Trump is under increasing pressure from Democrats to preserve the Affordable Care Act, despite the White House’s decision to end coverage for millions of Americans.
“We’ve done everything we can to keep our promise.
We’ve kept the promises we made to the American people.
And I’ll do whatever I can,” Trump said Tuesday, during a press conference to announce a $1 trillion stimulus package.
“I will continue to get the numbers right.
But I’m not going to keep the promise I made to people, to the middle class.”
The president did not mention the ACA by name, but the repeal has become the focus of intense and public pressure since the president announced his decision on Thursday.
Republicans have called for a vote on a repeal bill and the Senate must vote by April 7.
But even with the threat of a vote, Trump has not yet publicly called for his party to take a position on the law.
Instead, he has repeatedly stressed the need for Republicans to pass the measure in a short time frame, and he has indicated he might delay a vote if it appears the measure will fail.
“I think it would be very, very difficult for us to vote on the House bill,” Trump told reporters Tuesday, referring to the Senate version of the bill.
“But I’m telling you, I want to do everything that I can to get it done.”
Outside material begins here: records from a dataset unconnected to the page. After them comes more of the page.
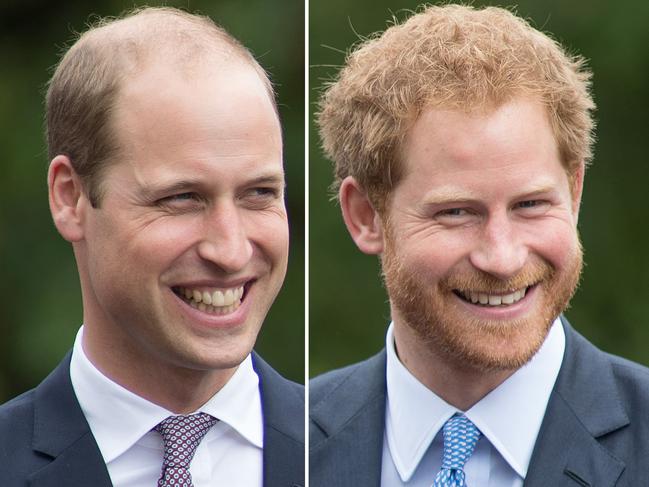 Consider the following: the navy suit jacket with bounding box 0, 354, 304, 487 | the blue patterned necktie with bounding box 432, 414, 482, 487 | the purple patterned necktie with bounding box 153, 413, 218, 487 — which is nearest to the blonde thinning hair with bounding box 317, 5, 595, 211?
the blue patterned necktie with bounding box 432, 414, 482, 487

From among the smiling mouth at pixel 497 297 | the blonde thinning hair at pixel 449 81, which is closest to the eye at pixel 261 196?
the blonde thinning hair at pixel 449 81

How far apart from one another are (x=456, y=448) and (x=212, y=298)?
541 millimetres

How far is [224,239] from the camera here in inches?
93.1

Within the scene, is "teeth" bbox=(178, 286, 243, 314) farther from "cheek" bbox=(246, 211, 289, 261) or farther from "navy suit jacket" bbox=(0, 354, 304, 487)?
"navy suit jacket" bbox=(0, 354, 304, 487)

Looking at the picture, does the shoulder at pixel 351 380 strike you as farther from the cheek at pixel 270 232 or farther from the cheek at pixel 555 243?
the cheek at pixel 555 243

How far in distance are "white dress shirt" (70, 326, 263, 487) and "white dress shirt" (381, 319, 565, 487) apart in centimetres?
32

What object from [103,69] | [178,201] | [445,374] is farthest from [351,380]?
[103,69]

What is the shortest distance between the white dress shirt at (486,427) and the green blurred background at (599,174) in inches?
7.7

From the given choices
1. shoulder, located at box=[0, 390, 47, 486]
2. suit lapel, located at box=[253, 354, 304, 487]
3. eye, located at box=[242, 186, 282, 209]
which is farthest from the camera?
suit lapel, located at box=[253, 354, 304, 487]

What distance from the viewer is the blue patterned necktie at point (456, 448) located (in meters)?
2.35

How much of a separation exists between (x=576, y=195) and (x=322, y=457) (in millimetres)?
738

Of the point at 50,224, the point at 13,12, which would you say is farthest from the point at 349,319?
the point at 13,12

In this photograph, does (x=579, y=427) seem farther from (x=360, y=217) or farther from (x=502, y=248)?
(x=360, y=217)

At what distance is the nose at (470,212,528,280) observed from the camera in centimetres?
231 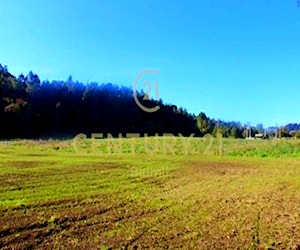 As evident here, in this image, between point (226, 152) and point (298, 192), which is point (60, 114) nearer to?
point (226, 152)

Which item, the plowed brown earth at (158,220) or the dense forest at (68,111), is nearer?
the plowed brown earth at (158,220)

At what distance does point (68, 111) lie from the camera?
6031 cm

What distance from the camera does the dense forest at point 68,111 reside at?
177 feet

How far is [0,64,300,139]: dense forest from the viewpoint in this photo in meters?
54.1

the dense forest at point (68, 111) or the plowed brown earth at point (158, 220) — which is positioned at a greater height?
the dense forest at point (68, 111)

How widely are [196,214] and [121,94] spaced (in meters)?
65.9

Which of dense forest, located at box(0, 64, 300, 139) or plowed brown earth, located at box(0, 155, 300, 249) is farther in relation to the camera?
dense forest, located at box(0, 64, 300, 139)

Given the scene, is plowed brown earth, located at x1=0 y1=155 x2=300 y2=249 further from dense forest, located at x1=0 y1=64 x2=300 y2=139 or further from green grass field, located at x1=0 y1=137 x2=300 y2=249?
dense forest, located at x1=0 y1=64 x2=300 y2=139

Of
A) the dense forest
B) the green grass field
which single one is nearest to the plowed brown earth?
the green grass field

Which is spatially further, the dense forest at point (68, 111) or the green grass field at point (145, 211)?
the dense forest at point (68, 111)

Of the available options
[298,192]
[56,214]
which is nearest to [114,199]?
[56,214]

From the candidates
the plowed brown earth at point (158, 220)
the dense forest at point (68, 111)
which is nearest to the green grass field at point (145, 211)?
the plowed brown earth at point (158, 220)

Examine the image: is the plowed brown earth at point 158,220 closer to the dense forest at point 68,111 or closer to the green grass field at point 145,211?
the green grass field at point 145,211

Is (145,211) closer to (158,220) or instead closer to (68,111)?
(158,220) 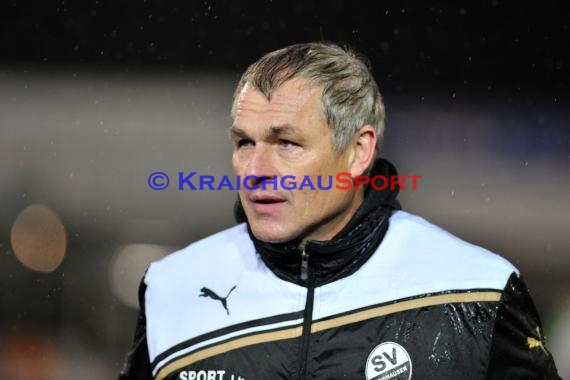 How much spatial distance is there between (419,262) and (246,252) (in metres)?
0.33

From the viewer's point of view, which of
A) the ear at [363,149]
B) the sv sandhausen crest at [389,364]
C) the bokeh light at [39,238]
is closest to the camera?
the sv sandhausen crest at [389,364]

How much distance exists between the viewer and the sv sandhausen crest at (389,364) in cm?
143

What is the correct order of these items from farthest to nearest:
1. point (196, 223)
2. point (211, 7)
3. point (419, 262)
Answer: point (196, 223) → point (211, 7) → point (419, 262)

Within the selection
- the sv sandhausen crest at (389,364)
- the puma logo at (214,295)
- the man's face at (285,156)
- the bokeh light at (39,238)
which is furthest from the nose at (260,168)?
the bokeh light at (39,238)

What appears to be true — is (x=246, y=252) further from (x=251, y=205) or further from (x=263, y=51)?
(x=263, y=51)

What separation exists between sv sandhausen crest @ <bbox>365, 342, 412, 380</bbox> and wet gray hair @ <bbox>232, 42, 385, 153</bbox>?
0.36 metres

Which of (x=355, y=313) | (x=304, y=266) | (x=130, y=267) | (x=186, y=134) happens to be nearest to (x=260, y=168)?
(x=304, y=266)

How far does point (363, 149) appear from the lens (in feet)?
5.22

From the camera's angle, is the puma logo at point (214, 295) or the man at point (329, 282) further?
the puma logo at point (214, 295)

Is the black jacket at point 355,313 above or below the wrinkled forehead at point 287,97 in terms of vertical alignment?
below

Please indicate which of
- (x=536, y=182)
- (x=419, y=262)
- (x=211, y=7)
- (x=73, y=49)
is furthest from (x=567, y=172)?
(x=419, y=262)

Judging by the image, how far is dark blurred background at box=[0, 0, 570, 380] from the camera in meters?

The bill was approved by both chambers by a 52-48 margin in January.
But Trump is unlikely to see the bill come up for a quick vote in the House.
The president has faced a number of challenges over the past two weeks.
The Supreme Court upheld the ACA’s Medicaid expansion and delayed the mandate to buy health insurance.
And he has also repeatedly clashed with lawmakers over his decision to leave a key provision of the ACA that prohibits insurance companies from discriminating against people with pre-existing conditions.
The Trump administration announced in late March that it would no longer enforce a provision of Obamacare that requires insurers to cover maternity care.
It also removed a requirement that insurance plans cover mental health services, ending the Obama-era requirement that insurers cover coverage for people with disabilities.